Beberapa hari yang lalu, viral di media sosial terkait sikap negara tetangga Malaysia yang ingin menjadikan bahasa Melayu sebagai bahasa resmi Asia tenggara. Tentu ini menuai polemik yang beragam, tak terkecuali bagi masyarakat Indonesia yang bersikap kontra.

Tak berhenti di situ, Malaysia juga berniat untuk mengklaim budaya Reog Ponorogo ke UNESCO sebagai Warisan Budaya Tak Benda Malaysia. Sontak, hal ini bagai kelinci yang mencari masalah dengan singa, masyarakat Indonesia langsung bereaksi keras. Di mana semua masyarakat mafhum, baik Indonesia Timur, Tengah, dan Barat, bahwa Reog adalah budaya Indonesia, khususnya Ponorogo, Jawa Timur, yang sudah melekat dan dirawat secara turun temurun. Jika nama Reog disebut pasti yang terbesit adalah daerah Ponorogo.

Advertisements

Pemerintah pun merespons wacana hangat ini. Dilansir dari laman www.kemenkopmk.go.id, Menteri Koordinator Pembangunan Manusia dan Kebudayaan RI (Menko PMK) Muhadjir Efendy, mengatakan, Reog Ponorogo telah tercatat sebagai Warisan Budaya Tak Benda Indonesia oleh Mendikbud RI pada 2013. Lebih lanjut, Menko PMK mengajak kepada seluruh masyarakat Indonesia untuk turut mendukung Reog Ponorogo menjadi budaya tak benda di UNESCO.

Adapun, Kemendikburistek melalui Direktorat Perlindungan Kebudayaan telah mengajukan Reog Ponorogo sebagai Warisan Budaya Tak Benda ke Sekertariat ICH UNESCO pada 31 Maret 2022, beserta nominasi lainya, yaitu: tempe, jamu, tenun Indonesia, dan kolintang.

Akan tetapi yang paling penting, sejatinya bukanlah Malaysia yang harus kita soroti dan marahi, melainkan yang lebih penting bagaimana kita masyarakat Indonesia nguri-nguri budoyo (menghidupkan budaya) dengan semaksimal mungkin. Sehingga ketika wacana-wacana hangat klaim budaya sudah merembet ke arah geopolitik, kita tidak lugu atau sekadar mencaci di media sosial. Bahkan, jika disoal balik, kita memang benar-benar tahu dan mencintai budaya tersebut.

Termasuk, penting mencoba melihat nilai-nilai Islam atau religi dalam budaya-budaya bangsa Indonesia, salah satunya agar kita semakin mencintai dan memiliki kedekatan juga tanggung jawab moral.

Sejarah Reog

Menilik sejarah Reog Ponorogo, maka ada beberapa cerita populer yang berkembang di tengah masyarakat. Namun, dalam penelitian yang dilakukan oleh Alfiati, disebutkan bahwa Reog Ponorogo diperkirakan tercipta sekitar awal abad ke-12.

Reog Ponorogo sendiri adalah sebuah kebudayaan yang memadukan antara seni topeng, seni teater, seni musik, dan seni tari. Akan tetapi, dalam masa-masa awalnya, Reog Ponorogo tidak seepik seperti yang kita kenal hari ini, termasuk dalam alat-alat pengiringnya yang masih sederhana, bahkan dominasinya adalah pertunjukan dengan kekuatan magis yang kuat pada waktu itu.
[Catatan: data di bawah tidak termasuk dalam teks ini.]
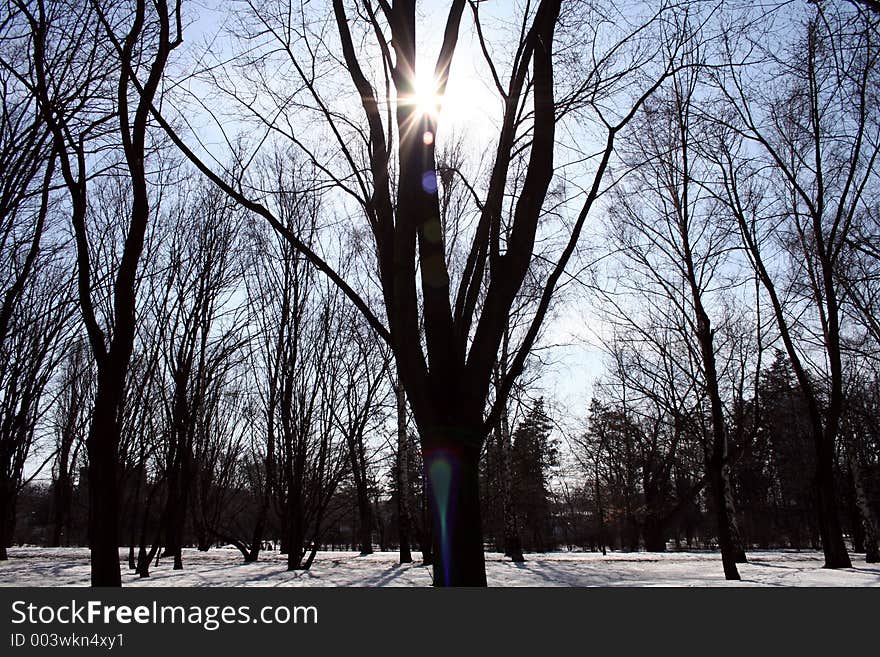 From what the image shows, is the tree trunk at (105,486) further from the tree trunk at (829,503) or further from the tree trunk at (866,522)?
the tree trunk at (866,522)

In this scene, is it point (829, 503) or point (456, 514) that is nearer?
point (456, 514)

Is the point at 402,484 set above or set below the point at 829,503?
above

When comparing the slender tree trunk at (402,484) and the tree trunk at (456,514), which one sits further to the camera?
the slender tree trunk at (402,484)

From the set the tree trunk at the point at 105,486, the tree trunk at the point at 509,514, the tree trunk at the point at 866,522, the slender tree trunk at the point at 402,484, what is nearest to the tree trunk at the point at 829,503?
the tree trunk at the point at 866,522

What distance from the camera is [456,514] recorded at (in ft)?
9.37

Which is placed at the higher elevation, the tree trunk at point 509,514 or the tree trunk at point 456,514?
the tree trunk at point 456,514

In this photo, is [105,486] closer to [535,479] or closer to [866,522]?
[866,522]

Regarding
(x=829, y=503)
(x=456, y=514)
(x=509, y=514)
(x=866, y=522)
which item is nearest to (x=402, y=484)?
(x=509, y=514)

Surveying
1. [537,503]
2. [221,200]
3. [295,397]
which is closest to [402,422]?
[295,397]

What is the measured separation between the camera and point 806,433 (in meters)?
29.4

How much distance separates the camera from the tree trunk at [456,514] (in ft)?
9.23

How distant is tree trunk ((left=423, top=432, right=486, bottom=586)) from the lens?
2812 mm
Menurut Purwowijoyo, dalam Babad Ponorogo, Reog Ponorogo tercipta pada awal tahun 1200, di zaman Kerajaan Bantarangin (di bawah naungan Kerajaan Majapahit, era Bhre Kertabumi; Brawijaya V). Di mana, pada masa era tersebut ada seorang patih bernama Ki Ageng Kutu yang memberontak. Pemberontakanya dilatarbelakangi dari pengaruh istri raja yang berasal dari China (Ibu Raden Patah) begitu kuat (disinyalir tidak terima dengan kebebasan atau datanya penyebar agama baru: Islam), juga para pejabat di pemerintahan yang korupsinya semakin gila-gilaan dengan acuh terhadap keberlangsungan negara. Kekecewaanya berlanjut yang puncaknya dia pergi meninggalkan kerajaan dengan mendirikan padepokan yang mengajarkan ilmu-ilmu seni bela diri juga ilmu kekebalan.

Setelah padepokanya itu berjalan, Ki Ageng Kutu sadar bahwa pasukanya terlalu kecil jika ingin menggempur Majapahit. Untuk itu, Ki Ageng Kutu menyampaikan kritik politik yang sarkasme melalui pagelaran Reog sebagai bentuk perlawanan masyarakat lokal.

Seperti, topeng berbentuk kepala singa (singa barong) sebagai simbol Brawijaya V, yang di atas topeng ada bulu-bulu merak menyerupai kipas raksasa, yang menyimbolkan pengaruh kuat eksternal China yang ikut campur tangan dalam pemerintahan.

Kemudian ada jathilan (penunggang kuda) yang menyimbolkan pasukan kerajaan Majapahit. Sedangkan, warok (pria bertopeng hitam) menyimbolkan Ki Ageng Kutu dan pasukanya yang memiliki ilmu hitam yang mematikan. Singkatnya, eksisnya Reog terdengar oleh Brawijaya V, lantas Brawijaya V menggempur padepokan milik Ki Ageng Kutu. Alhasil, warok-warok (Ki Ageng Kutu dan pasukanya) dengan kekuatan ilmu hitam mematikan dapat dihentikan, dan padepokanya di tutup.

Pasca padepokanya di gempur oleh Brawijaya V, kesenian Reog tetap dipentaskan secara sembunyi-sembunyi oleh Ki Ageng Kutu dan para muridnya, namun dengan cerita yang digubah, yakni mengambil cerita lokal Ponorogo mengenai Kelono Sewandono (adipati di Ponorogo) yang berniat melamar putri dari kerajaan Kediri. Akan tetapi di tengah perjalanan dicegat oleh Raja Singa Barong dari Kediri yang dikawal oleh merak dan singa, sedangkan Kelono Sewandono dikawal oleh warok, maka pecahlah pertempuran di antara kedua belah pihak.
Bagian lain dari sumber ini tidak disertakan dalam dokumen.